His stint in Verona wasn’t anything to write home about, he played 39 matches in parts of two seasons and was released in early 2016. Afterwards he signed for his boyhood club Atlas and retired in 2018 after the World Cup.

There is a criticism of Mexican players as being too coddled, too comfortable and sometimes too overhyped as young prospects in the Mexican League. Clubs will a lot of times ask for astronomical fees to let players go and even if those fees are met, sometimes players will prefer to stay or demand wages that are simply unrealistic.

(Mexico’s won two U-17 World Cups in the last 20 years, ask me how many of those guys panned out.)

Then there’s this guy who was a legend in Barcelona, won two Champions Leagues during his time there and still wanted to compete against the best even if it was with an also ran team in Serie A despite having nothing more to prove.

They just don’t make them like Rafa Marquez anymore.

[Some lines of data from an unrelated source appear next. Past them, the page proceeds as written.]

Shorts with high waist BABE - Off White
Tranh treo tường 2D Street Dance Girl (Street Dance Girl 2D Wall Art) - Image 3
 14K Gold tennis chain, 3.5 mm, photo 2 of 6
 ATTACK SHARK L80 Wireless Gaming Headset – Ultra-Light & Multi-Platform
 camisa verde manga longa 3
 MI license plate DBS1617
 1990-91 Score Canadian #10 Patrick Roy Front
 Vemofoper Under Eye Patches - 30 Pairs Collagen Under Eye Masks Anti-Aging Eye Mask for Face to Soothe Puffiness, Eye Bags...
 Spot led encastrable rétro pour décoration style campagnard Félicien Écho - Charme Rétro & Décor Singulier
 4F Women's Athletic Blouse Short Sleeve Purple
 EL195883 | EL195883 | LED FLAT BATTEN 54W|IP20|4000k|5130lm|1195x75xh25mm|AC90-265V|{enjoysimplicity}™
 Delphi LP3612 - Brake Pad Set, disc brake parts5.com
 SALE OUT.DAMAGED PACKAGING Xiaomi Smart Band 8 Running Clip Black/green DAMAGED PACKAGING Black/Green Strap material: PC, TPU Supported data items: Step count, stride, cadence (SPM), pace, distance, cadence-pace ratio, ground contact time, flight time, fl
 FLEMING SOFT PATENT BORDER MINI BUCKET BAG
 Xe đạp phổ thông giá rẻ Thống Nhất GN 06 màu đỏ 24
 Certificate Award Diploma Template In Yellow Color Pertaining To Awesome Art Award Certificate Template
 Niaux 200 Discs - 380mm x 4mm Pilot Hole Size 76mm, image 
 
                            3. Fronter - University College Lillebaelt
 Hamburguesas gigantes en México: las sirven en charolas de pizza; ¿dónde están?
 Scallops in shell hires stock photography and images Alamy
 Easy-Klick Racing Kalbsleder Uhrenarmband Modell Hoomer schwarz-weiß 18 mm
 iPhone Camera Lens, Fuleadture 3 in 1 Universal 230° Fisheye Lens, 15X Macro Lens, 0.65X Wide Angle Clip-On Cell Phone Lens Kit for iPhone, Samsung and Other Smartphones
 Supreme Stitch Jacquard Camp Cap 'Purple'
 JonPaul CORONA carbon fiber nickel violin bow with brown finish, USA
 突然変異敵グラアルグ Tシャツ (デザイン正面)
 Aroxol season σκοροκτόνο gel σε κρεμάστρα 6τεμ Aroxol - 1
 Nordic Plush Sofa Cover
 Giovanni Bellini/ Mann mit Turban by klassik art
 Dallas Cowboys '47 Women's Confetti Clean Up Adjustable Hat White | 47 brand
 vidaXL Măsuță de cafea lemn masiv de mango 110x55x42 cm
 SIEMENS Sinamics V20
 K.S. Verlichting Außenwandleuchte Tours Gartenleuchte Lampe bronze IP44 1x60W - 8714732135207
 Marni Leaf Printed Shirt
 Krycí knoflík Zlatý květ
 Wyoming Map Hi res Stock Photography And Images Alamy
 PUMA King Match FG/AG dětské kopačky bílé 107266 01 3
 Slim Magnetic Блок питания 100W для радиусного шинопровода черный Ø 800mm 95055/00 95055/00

(Also, I’ve looked like crazy for a Marquez Hellas Verona kit and can’t find it to save my life. If anyone knows where I can procure that super obscure kit I’d be most thankful.)

(Also, also, later years Marquez started playing a hybrid holding midfielder position instead of his usual center back spot. That version of Marquez would walk into this team’s current midfield and be heads and shoulders above anyone on the squad.)

Parting Shot of the Week

In this space we have killed, revived and killed again Juventus Scudetto hopes.

If Inter Milan were to win on Sunday Juve would be back 10 points with a game in hand. The roadmap for them to mount any sort of comeback would have to look something like this:

  • Win the game in hand in the rubber match against Napoli.
  • Beat Inter in their return game.
  • If those two things happen, they’d be back “only” four points, so you have to hope Inter drops points two more times.
  • Also, like, win out? Roll out 14 straight wins in league play?

Being completely real for a second? I think they are better served by focusing on making it as far as possible in the Champions League, playing like hell to win the Coppa Italia and call it a semi successful year all things considered.

In order to accomplish the first objective in the revised expectations list is to beat Porto at home on the second leg of their Round of 16 matchup, a week and two more league games from now.

Here goes nothing.

See you Tuesday.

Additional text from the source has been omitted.